Web page caption snippets:
* * *
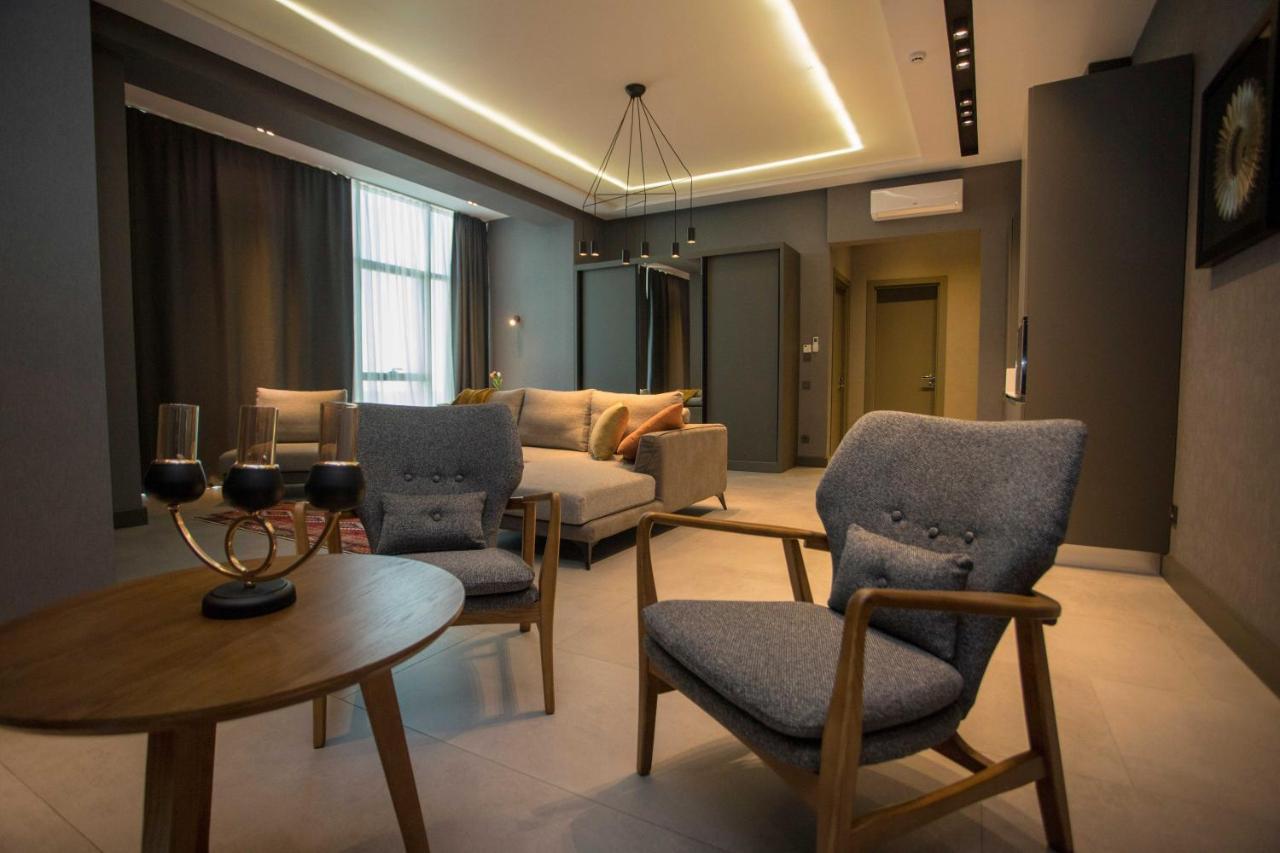 באטומי Gumbati Apart Hotel מראה חיצוני תמונה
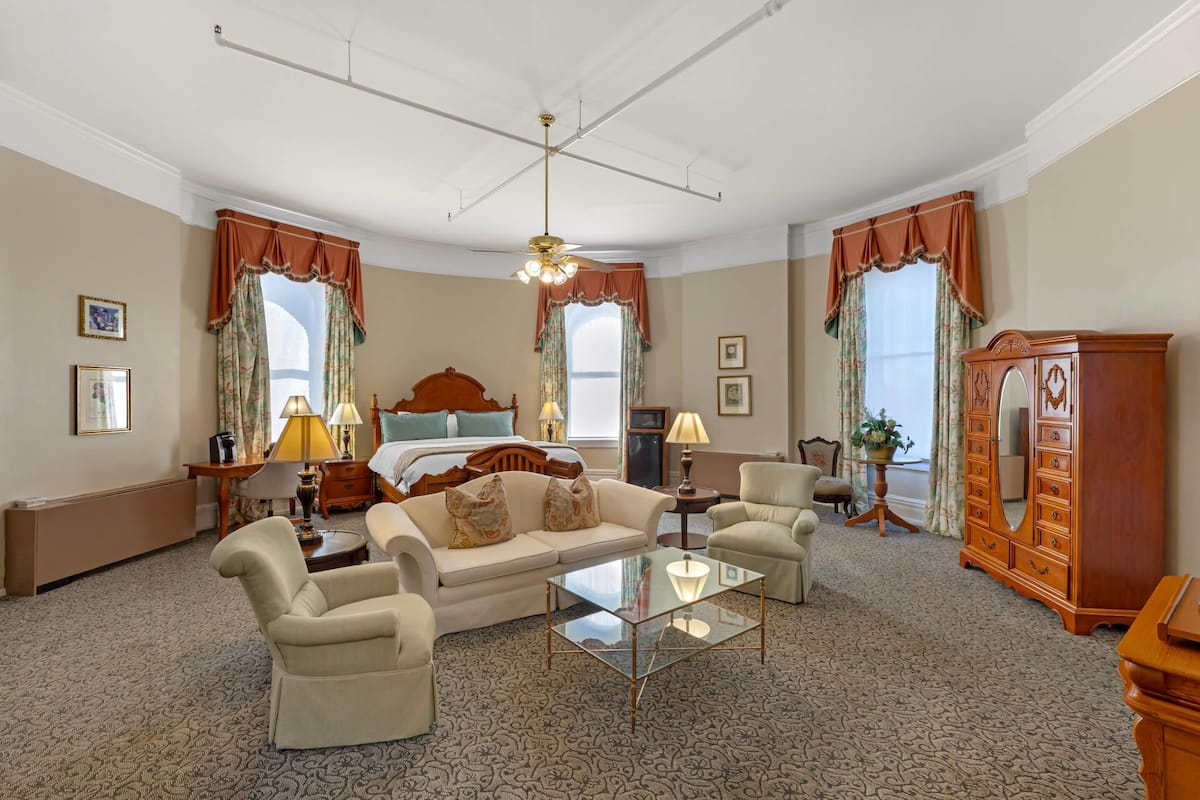 Ropa de cama de alta calidad, cubrecamas y colchones con pillow-top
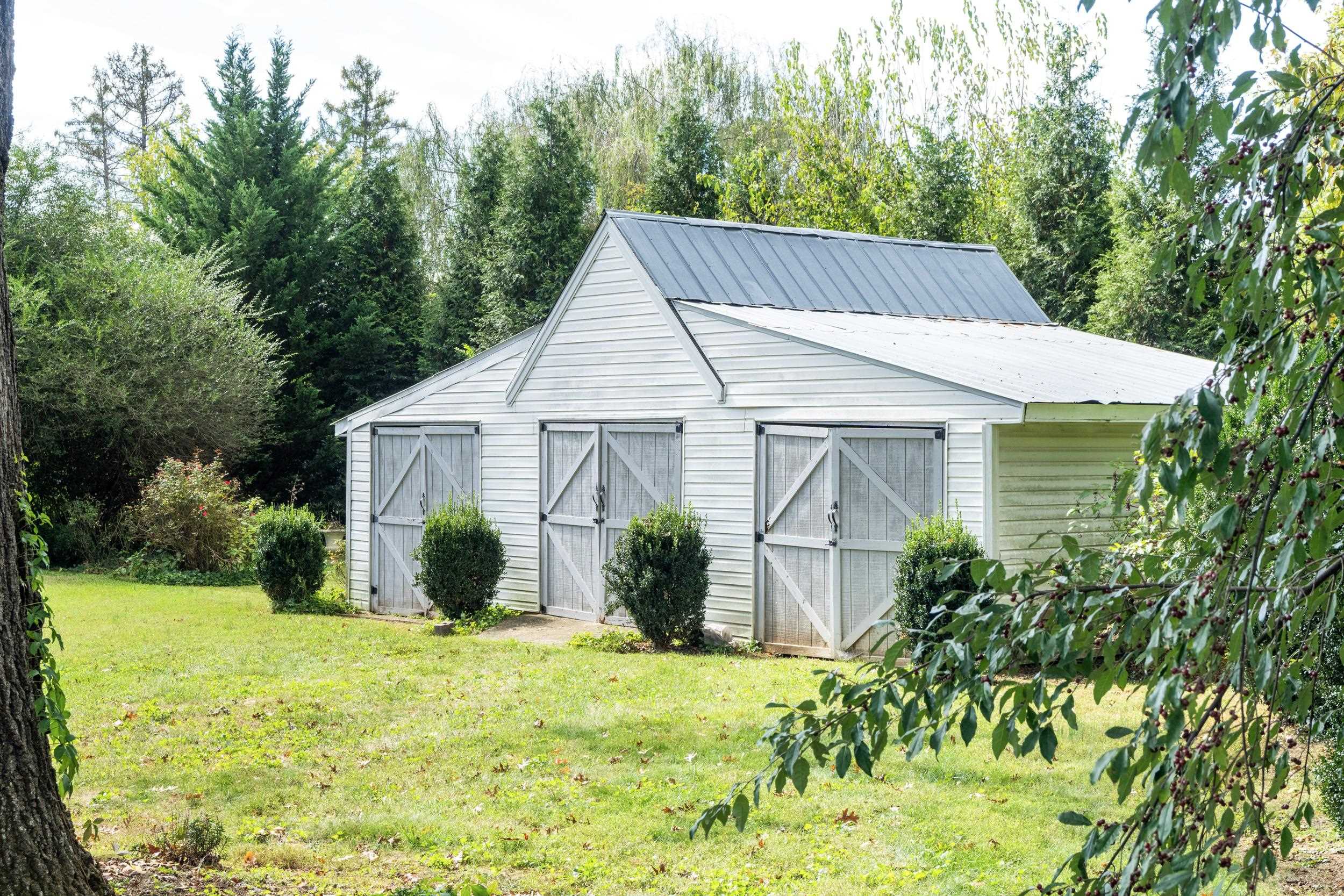 407 CROMPTON RD, WAYNESBORO, Virginia 22980, 5 Bedrooms Bedrooms, ,3 BathroomsBathrooms,Residential,407 CROMPTON RD,669904 MLS # 669904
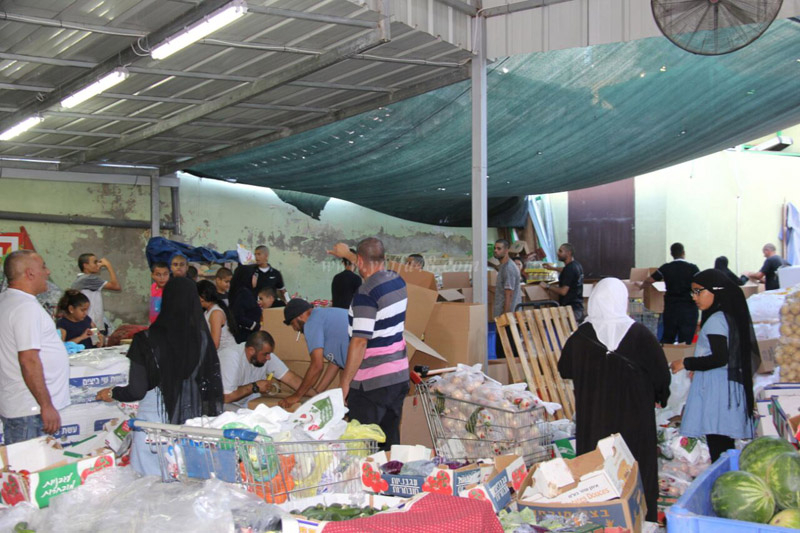  بالفيديو: جمعية يافا للاغاثة الانسانية تُنهي المرحلة الأولى من أضخم مشروع لتوزيع الطرود الغذائية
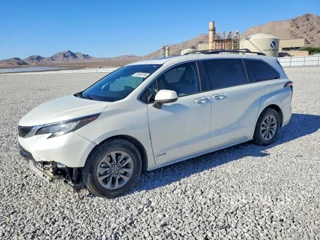 TOYOTA SIENNA XLE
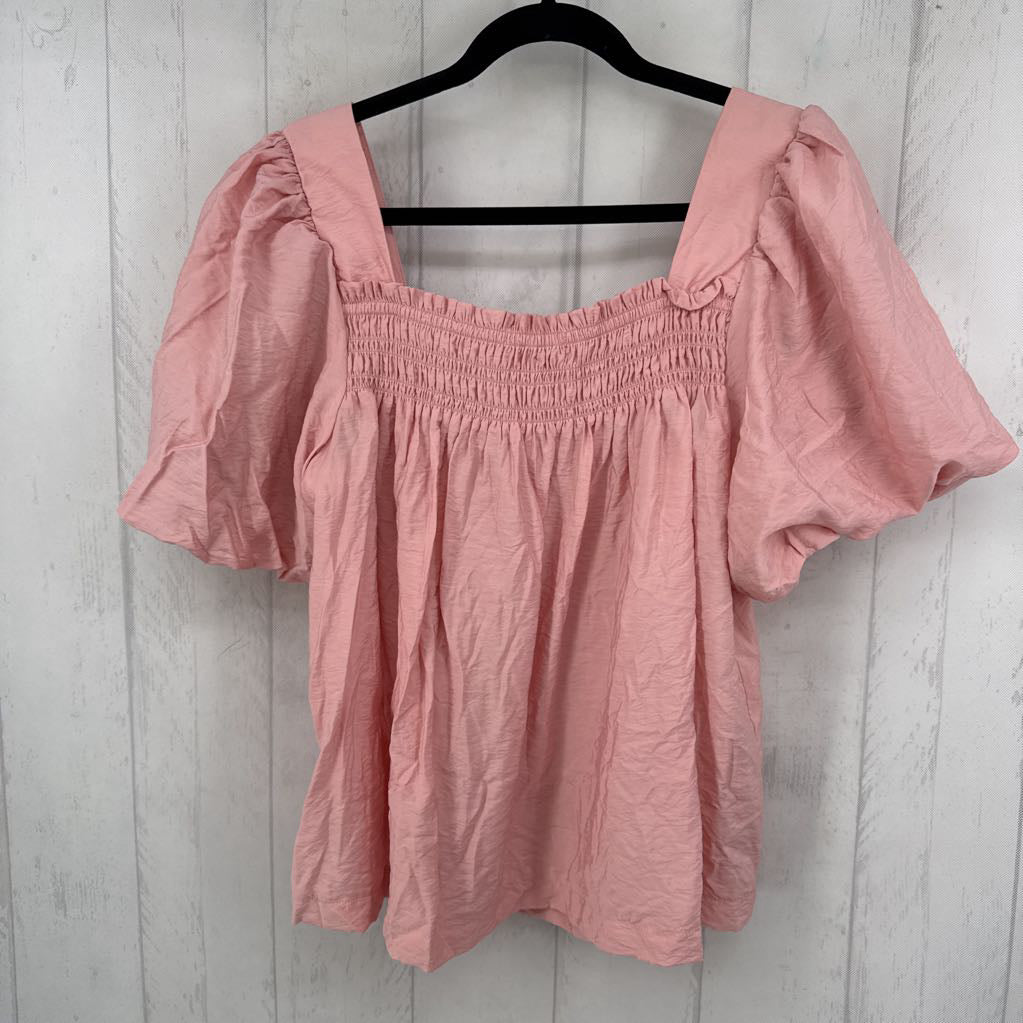 R36 1X smocked s/s top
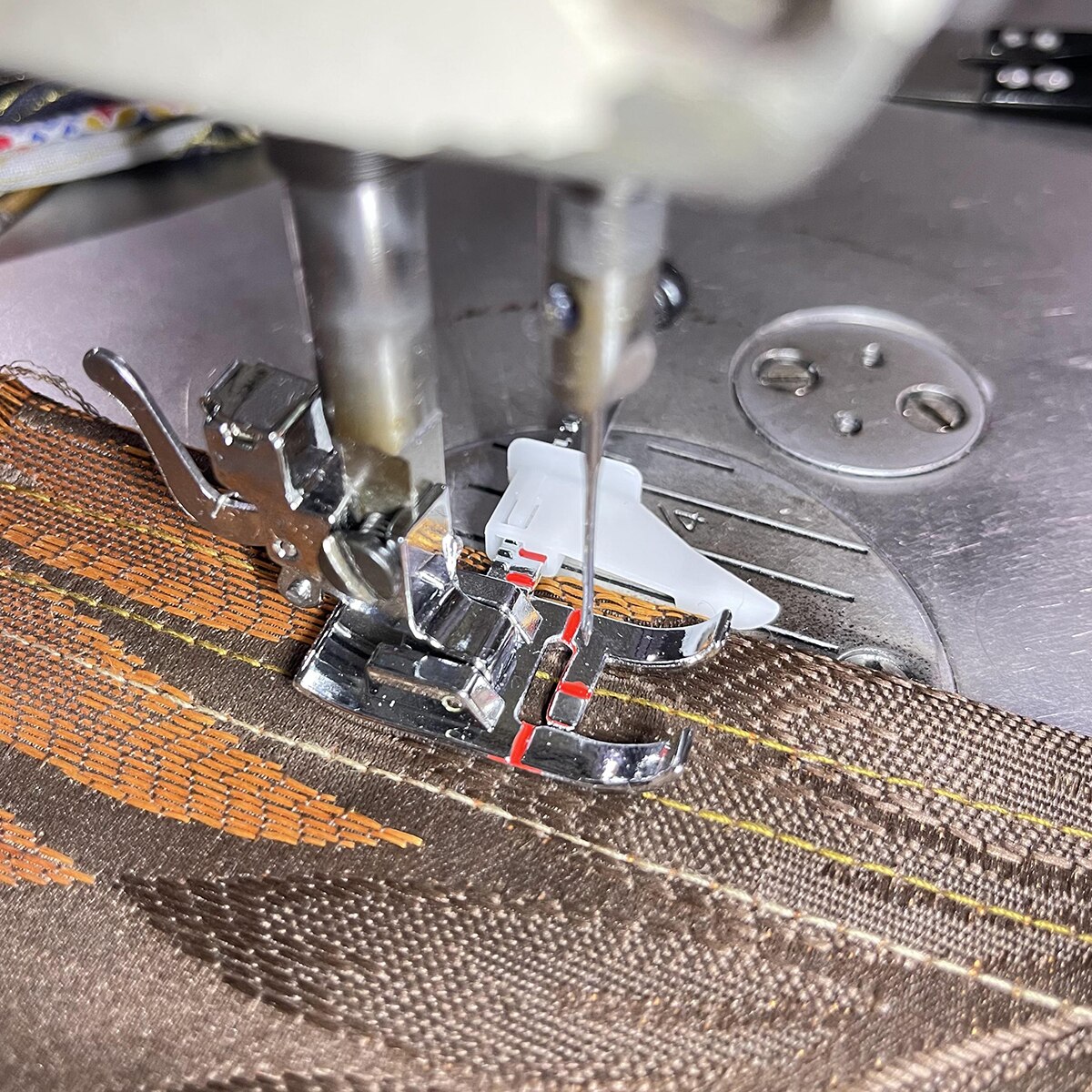 1Pc Sewing Machine accessories Adjustable Guide Presser Foot and Snap-on Adjustable Bias Binder Foot for Brother, Singer 22740-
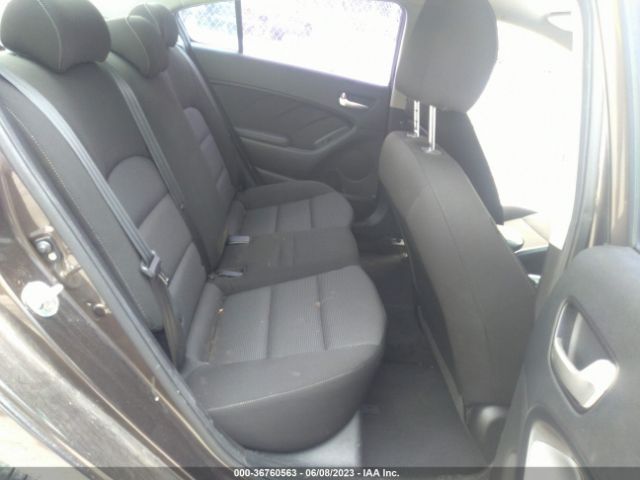 3KPFK4A78HE011662 KIA FORTE LX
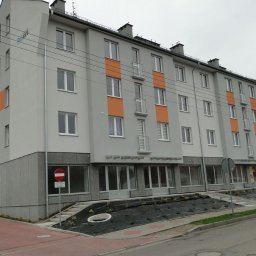 Budynek przy ul. W. Pileckiego, składający się z 30 mieszkań i 8 lokalu usługowego. Zrealizowano jako deweloper w 2017 r.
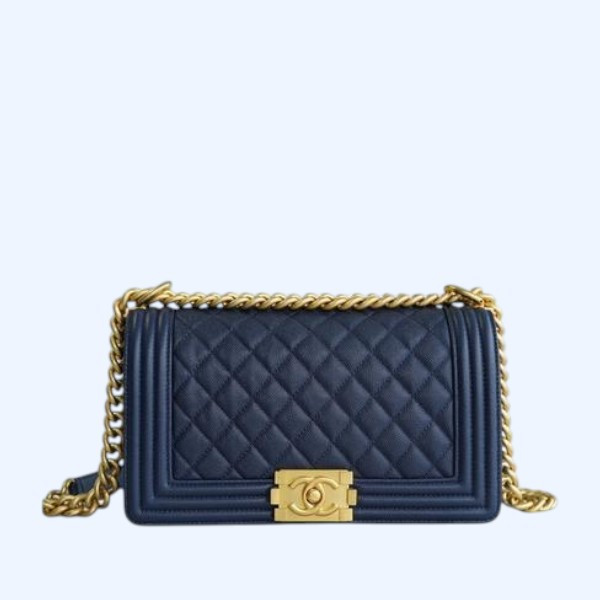 샤넬 보이백 미디엄 다크 블루 금장 캐비어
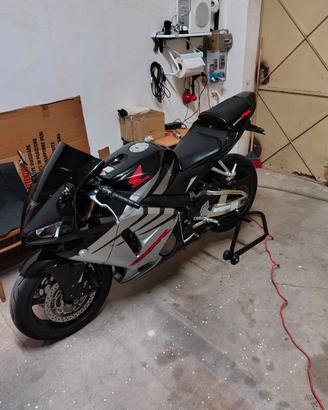 Honda cbr 600 RR maggio 2005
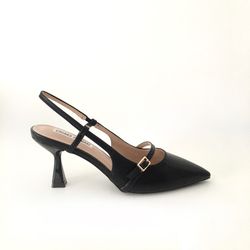 Zapato De Salón Con Tacón Negro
* * *
# WHAT THE TASK ASKS
Repeat every record precisely. Any picture among them stays out of the copy.

# RESPONSE FOR THIS EXERCISE
 באטומי Gumbati Apart Hotel מראה חיצוני תמונה
 Ropa de cama de alta calidad, cubrecamas y colchones con pillow-top
 407 CROMPTON RD, WAYNESBORO, Virginia 22980, 5 Bedrooms Bedrooms, ,3 BathroomsBathrooms,Residential,407 CROMPTON RD,669904 MLS # 669904
  بالفيديو: جمعية يافا للاغاثة الانسانية تُنهي المرحلة الأولى من أضخم مشروع لتوزيع الطرود الغذائية
 TOYOTA SIENNA XLE
 R36 1X smocked s/s top
 1Pc Sewing Machine accessories Adjustable Guide Presser Foot and Snap-on Adjustable Bias Binder Foot for Brother, Singer 22740-
 3KPFK4A78HE011662 KIA FORTE LX
 Budynek przy ul. W. Pileckiego, składający się z 30 mieszkań i 8 lokalu usługowego. Zrealizowano jako deweloper w 2017 r.
 샤넬 보이백 미디엄 다크 블루 금장 캐비어
 Honda cbr 600 RR maggio 2005
 Zapato De Salón Con Tacón Negro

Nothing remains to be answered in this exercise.